WHAT NEEDS TO BE DONE
The full listing should be reproduced exactly as it appears.

Top of DATA FOR PROCESSING

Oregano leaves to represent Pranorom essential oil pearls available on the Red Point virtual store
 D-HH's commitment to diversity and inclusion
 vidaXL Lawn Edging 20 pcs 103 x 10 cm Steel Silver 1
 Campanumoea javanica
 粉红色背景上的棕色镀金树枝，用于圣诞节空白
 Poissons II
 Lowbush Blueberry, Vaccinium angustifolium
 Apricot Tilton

Bottom of DATA FOR PROCESSING

WRITTEN REPLY
Oregano leaves to represent Pranorom essential oil pearls available on the Red Point virtual store
 D-HH's commitment to diversity and inclusion
 vidaXL Lawn Edging 20 pcs 103 x 10 cm Steel Silver 1
 Campanumoea javanica
 粉红色背景上的棕色镀金树枝，用于圣诞节空白
 Poissons II
 Lowbush Blueberry, Vaccinium angustifolium
 Apricot Tilton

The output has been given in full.